Jimmy Akin is skeptical…

Jimmy Akin is skeptical… 2014-12-31T13:29:36-07:00

…that Michael Voris is right about kneeling for communion. Here is what the bishops of the United States, who are, you know, the people God entrusts with legislating such matters, say:

160. The Priest then takes the paten or ciborium and approaches the communicants, who usually come up in procession.

It is not permitted for the faithful to take the consecrated Bread or the sacred chalice by themselves and, still less, to hand them on from one to another among themselves. The norm established for the Dioceses of the United States of America is that Holy Communion is to be received standing, unless an individual member of the faithful wishes to receive Communion while kneeling (Congregation for Divine Worship and the Discipline of the Sacraments, Instruction Redemptionis Sacramentum, 25 March 2004, no. 91).

When receiving Holy Communion, the communicant bows his or her head before the Sacrament as a gesture of reverence and receives the Body of the Lord from the minister. The consecrated host may be received either on the tongue or in the hand, at the discretion of each communicant. When Holy Communion is received under both kinds, the sign of reverence is also made before receiving the Precious Blood.

Bottom line: do as you please, standing or kneeling, receiving in the hand or on the tongue, and have proper reverence. Internet popinjays with a web cam are not the Boss of you.

Nick Thomm summarizes my own view about matters like kneeling for communion.

A very wise man, Archbishop Robert Carlson, always said we should be “as generous as the Church is, not more, not less.” if the Church allows something to be done, even as an exception from the norm, then it is legit and we shouldn’t mock those who do what the Church allows. Personally I would like to see the Cardinal’s desires be implemented for the sake of making an outward sign of the sacred. But Benedict is the only Pope and until he removes the exception from the norm, one should not deride, mock and attribute the worst possible motives to the Church Militant, priests, or bishops for allowing what the Church allows.

Voris’ approach essentially constitutes a temptation and a suggestion that our task, at Mass, is not to be about the business of worshipping God, but to play pharisaic liturgical cop and sit in contemptuous judgment of fellow Catholics about matters which the Church herself says are matters of liberty. You can see the poison at work in comments like this (from FB):

For someone who was a largely nominal Catholic a couple of years back, receiving communion kneeling has done wonders for my faith particularly in transubstantiation.

It really irks me when I see people straddling up the aisle to pop the body of Christ in their mouth like it were a mere mint pastel.

Quite simply, a Catholic engaged in real Eucharistic devotion should not be making it any of his damn business to sit in judgment of his fellow parishioners for doing what Holy Church says it is perfectly legitimate to do. Egging parishioners on to do just that–and to sit in judgment of the bishops who legislate such matters with complete lawfulness–is not building up the body of Christ but tearing it down.

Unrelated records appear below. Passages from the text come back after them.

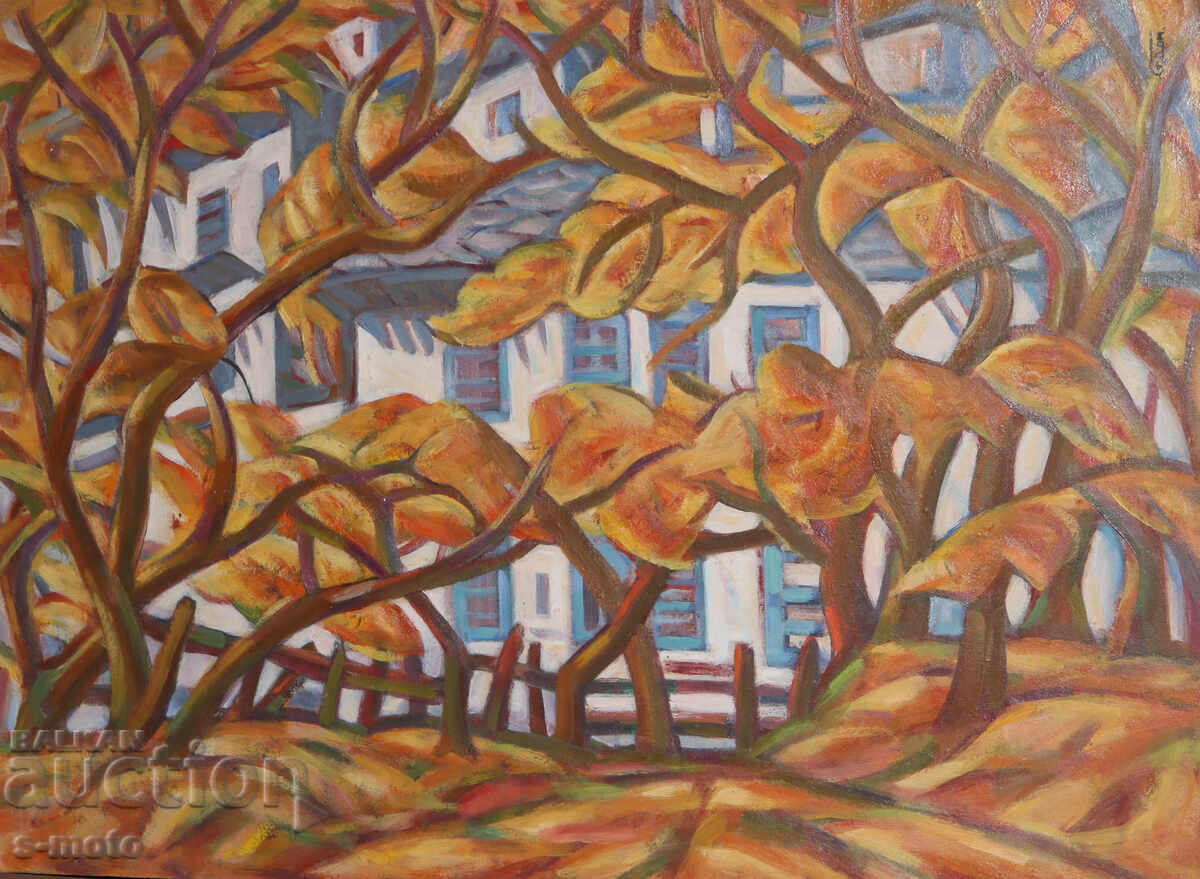 Στογιάν Ντομούστσιεφ (1935 - 2021) ελαιογραφία τοπίο με τιμή 1200.00 BGN | € 613.55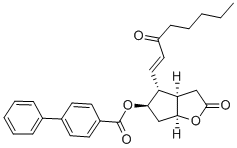 [1,1'-Biphenyl]-4-carboxylic acid (3aR,4R,5R,6aS)-hexahydro-2-oxo-4-[(1E)-3-oxo-1-octenyl]-2H-cyclopenta[b]furan-5-yl ester CAS#: 31753-00-1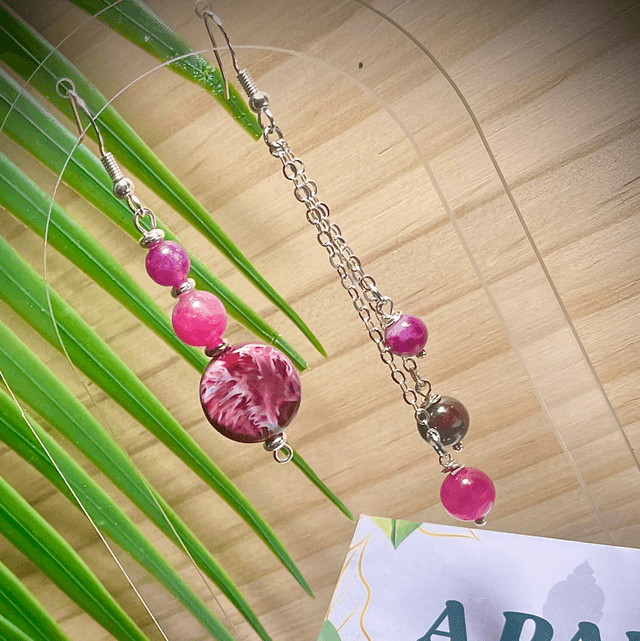 Boucles FARO Grenat Tourmaline Melon d’Eau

Abp Chaput nails this subtle poison well:

“The Church belongs to Jesus Christ, and the different roles within the Christian community – clergy, laity and religious life – have equal dignity but different purposes.”

In particular, the clergy’s leadership in the Church should always be marked with humility and service “and never by a sense of entitlement,” he said. “Bishops, priests and deacons are too often weak and sinful. They need to be held to high standards. Some deserve to be chastised.”
“But men and women didn’t found the Church, they don’t own her, and they have no license to reinvent her.”

Although sin and failure “need to be named,” he said, “when people deride their bishops and priests out of pride and resentment or some perverse desire for what they perceive as ‘power,’ they undermine the Church herself, and they set themselves against the God whose vessel she is.”

So feel free to kneel if you like. Feel free to wish it were the norm if you like. But don’t congratulate yourself on your superior holiness or look down on your neighbor (about whom you do not know one damn thing about their interior disposition or reverence) if he or she opts to obey the Church by bowing rather than kneeling. Nobody died and made you bishop.